The Skirball Cultural Center, founded in 1996, is a Jewish educational institution in Los Angeles, California. The center, named after philanthropist-couple Jack H. Skirball and Audrey Skirball-Kenis, has a museum with regularly changing exhibitions, film events, music and theater performances, comedy, family, literary and cultural programs. The campus includes a museum, a performing arts center, conference halls, classrooms, libraries, courtyards, gardens, and a café.
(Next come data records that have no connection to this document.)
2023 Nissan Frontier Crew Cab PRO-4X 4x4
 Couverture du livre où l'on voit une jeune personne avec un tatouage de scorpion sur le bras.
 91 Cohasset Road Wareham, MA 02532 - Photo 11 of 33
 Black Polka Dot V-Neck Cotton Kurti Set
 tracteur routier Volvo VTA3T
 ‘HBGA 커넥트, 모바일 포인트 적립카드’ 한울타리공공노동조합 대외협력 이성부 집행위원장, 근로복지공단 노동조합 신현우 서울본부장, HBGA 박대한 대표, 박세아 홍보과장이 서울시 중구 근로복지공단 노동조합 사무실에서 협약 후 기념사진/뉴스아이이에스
Although the center has its roots in Jewish culture, it is open to individuals of all ages and cultures.

Skirball Museum

The Skirball Museum predates the Skirball Cultural Center, having been established in 1972 at the Hebrew Union College-Jewish Institute of Religion in L.A.  The museum moved into the Skirball Cultural Center after the center's completion. The Skirball's core exhibition, Visions and Values: Jewish Life from Antiquity to America, traces the history, experiences and values of Jews over 4,000 years. Featuring changing displays of works from the Skirball's museum collection, the exhibition's galleries contain multimedia installations, rare artifacts, historical documents and photographs, works of fine art, interactive computer stations and sound recordings that lead visitors on the Jewish people's journey, culminating with their experiences in the United States.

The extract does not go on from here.